== Dataset extract ==

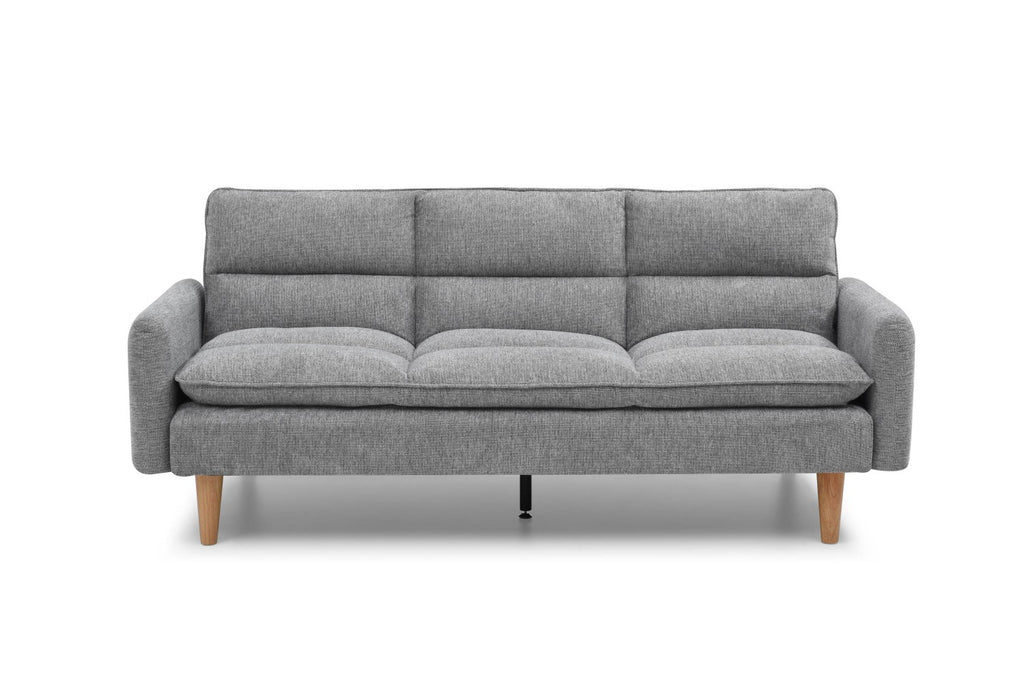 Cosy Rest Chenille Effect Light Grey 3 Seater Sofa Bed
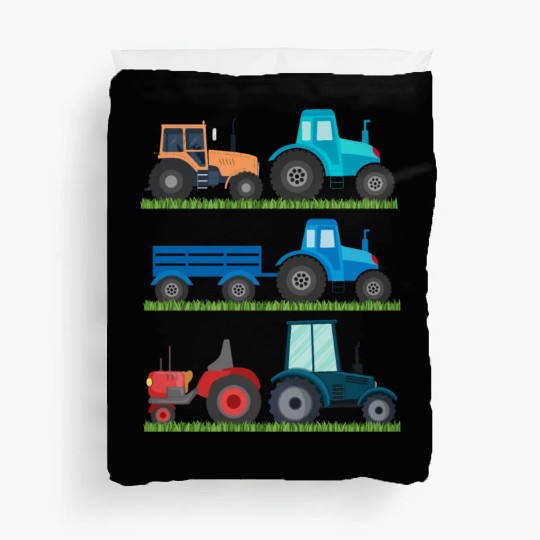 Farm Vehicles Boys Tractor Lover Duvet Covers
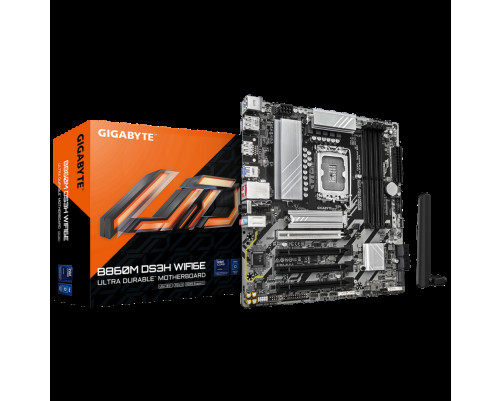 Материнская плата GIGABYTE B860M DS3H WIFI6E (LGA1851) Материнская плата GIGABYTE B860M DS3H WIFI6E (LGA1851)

===

- _Work to complete_: Give back all the data exactly, minus pictures.

- _Reply to the task_:
 Cosy Rest Chenille Effect Light Grey 3 Seater Sofa Bed
 Farm Vehicles Boys Tractor Lover Duvet Covers
 Материнская плата GIGABYTE B860M DS3H WIFI6E (LGA1851) Материнская плата GIGABYTE B860M DS3H WIFI6E (LGA1851)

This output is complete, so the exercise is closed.